Have y'all explored the option of adding a "Scheduled Draft" post status? It seems like that would solve all of the problems presented here.

For a post with a post_status of draft:

  • When requested, the object will have post_date and post_date_gmt appear as they currently are.
  • When updated, with post_status still set to draft, post_date_gmt will be ignored, regardless of if it's passed.
  • When updated, with post_status changed to scheduled-draft, post_date_gmt will be saved as passed. If post_date_gmt isn't passed at the time, I'm not really fussed if that's an error, or if it uses now(), instead.
  • When updated, with post_status changed to publish, behaviour stays the same as it currently is.

For a post with post_status of scheduled-draft:

  • When requested, the object will have post_date and post_date_gmt appear as they currently are.
  • When updated, with post_status still set to scheduled-draft, post_date_gmt will be saved if it's passed, or unchanged if it isn't.
  • When updated, with post_status changed to draft, post_date_gmt will be cleared.
  • When published, post_status will be set to publish if post_date_gmt was in the past, or future, if it's in the future.

From a UI perspective, we don't need to make any changes, really. scheduled-draft can be a hidden post status, it doesn't show in the status dropdown.
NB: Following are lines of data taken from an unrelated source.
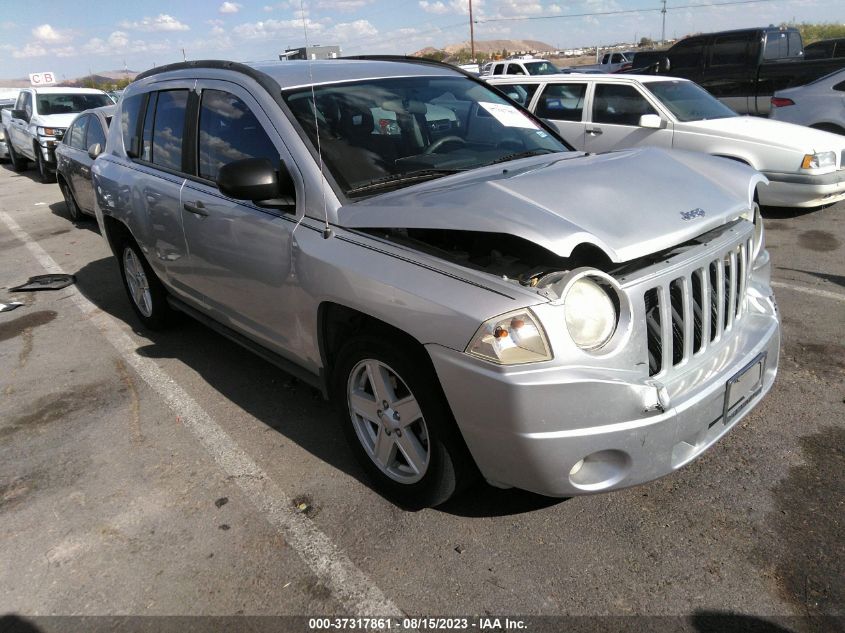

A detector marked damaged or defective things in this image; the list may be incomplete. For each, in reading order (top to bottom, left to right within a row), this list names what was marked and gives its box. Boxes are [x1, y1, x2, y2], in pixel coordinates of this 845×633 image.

crumpled hood [684, 115, 844, 153]
crumpled hood [336, 147, 764, 262] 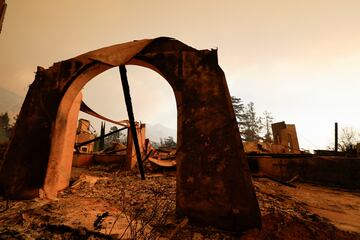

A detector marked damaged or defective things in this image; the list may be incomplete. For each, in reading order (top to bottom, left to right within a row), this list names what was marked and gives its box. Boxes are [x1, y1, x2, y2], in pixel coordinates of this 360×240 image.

burnt stone arch [0, 37, 260, 231]
fire damaged structure [0, 37, 260, 231]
The application should choose between draft and scheduled-draft based upon if the author has changed the post date, or clicked a "reset post date" button, or something of that nature. This resolves both this issue, and #44975.

Back compat is a little trickier, as there are a lot of places that assume that the post statuses of drafts will only be draft. I think we can cover most usage pretty easily, though. get_post() could change the returned post status from scheduled-draft to draft, unless a flag is passed by code that knows how to deal with the two types of drafts. This also covers get_posts(), as WP_Query runs get_post() on the returned results.

#50 @mnelson4
6 years ago

+1 @pento, that would be a much more proper solution IMO, but I think backward compatibility would just be the problem. If BC issues can be satisfactorily resolved, that sounds great.

#51 @danielbachhuber
6 years ago

  • Milestone changed from 5.0 to 5.1

Moving this ticket to 5.1. Because it's not critical for Gutenberg, we don't have to make an immediate decision and have a bit of time to continue to think about it.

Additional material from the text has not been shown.